3. Earlier the petitioner had approached the Tribunal in O.A. No.426 of 2008, which was disposed of on 23.04.2010. The Tribunal has quashed the order of removal from service passed by the Ad hoc Disciplinary Authority as well as the order passed by the Appellate Authority rejecting the appeal preferred by the petitioner and remitted the matter back to the Appointing Authority/Ad hoc Disciplinary Authority with a directed to give an opportunity to the petitioner of being heard and pass orders as deemed fit and proper in accordance with law. The Tribunal further directed the opposite parties to consider the prayer of the petitioner for voluntary retirement from service. However, the authorities are not complying such direction of the Tribunal and till date the prayer of the petitioner to retire voluntarily from service has not been considered. Thus he has again approached the Tribunal in the aforesaid Original Application, which is still pending. In the said Original Application the petitioner has filed an application for amendment to incorporate a further prayer in the Original Application, which was rejected by the Tribunal vide impugned order.

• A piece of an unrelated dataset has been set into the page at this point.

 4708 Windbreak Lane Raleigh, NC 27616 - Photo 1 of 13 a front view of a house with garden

4. Learned counsel for the petitioner submitted that the additional prayer is necessary for complete adjudication of the matter. Such amendment was objected by the opposite parties that in case it is allowed it will change the nature and character of the Original Application. However, the Tribunal considering the rival submission of the parties held that the Original Application has already been part heard by a Division Bench and the amendment is not called for as the order of removal and order of rejection by the appellate authority are under challenge.

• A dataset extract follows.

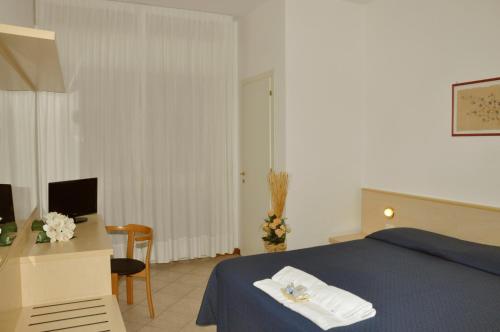 una camera con letto e scrivania con computer di Florentia Hotel a Lido di Camaiore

5. In view of the above facts and as the Original Application is pending since 2012 and already part heard by the Tribunal, without going into the merits of the case, we dispose of this Writ Petition with a request to the Central Administrative Tribunal, Cuttack Bench, Cuttack for early hearing of O.A. No.260/229/2012, on production of certified copy of this order.=
15.3. The petitioner accepted the aforesaid order of this Court passed in W.P.(C) No.23823 of 2017, and laid the same to rest without carrying the same to higher forum. Upon hearing counsel for the parties, the learned Central Administrative Tribunal having passed final orders confirming the Order of the Appellate Authority, who dismissed appeal against the decision not to reinstate the petitioner in service taken by the Disciplinary Authority by appreciating evidence on record, no relief <to grant all arrear financial service benefits and consequential benefits to the petitioner along with retiral
benefit= as prayed for in the writ petition can be acceded to.
CONCLUSION:
16. On compliance of direction of the Central Administrative Tribunal, the Disciplinary Authority conducted hearing by adhering to the principles of natural justice. Based on evidence said Authority held that long absence of the petitioner without sanction attracted exercise of power under Article 81(D) of the Education Code for Kendriya Vidyalayas. The alternative prayer to accord her voluntary retirement is also refuted by the said Authority on the aegis of Rule 48A of the Central Civil Services (Pension) Rules, as the petitioner did not have qualified period of service of 20 years. The finding of fact has been upheld by the Appellate Authority which also got affirmed by the Central Administrative Tribunal vide Order dated 27.03.2019 passed in O.A. No.260/229 of 2012.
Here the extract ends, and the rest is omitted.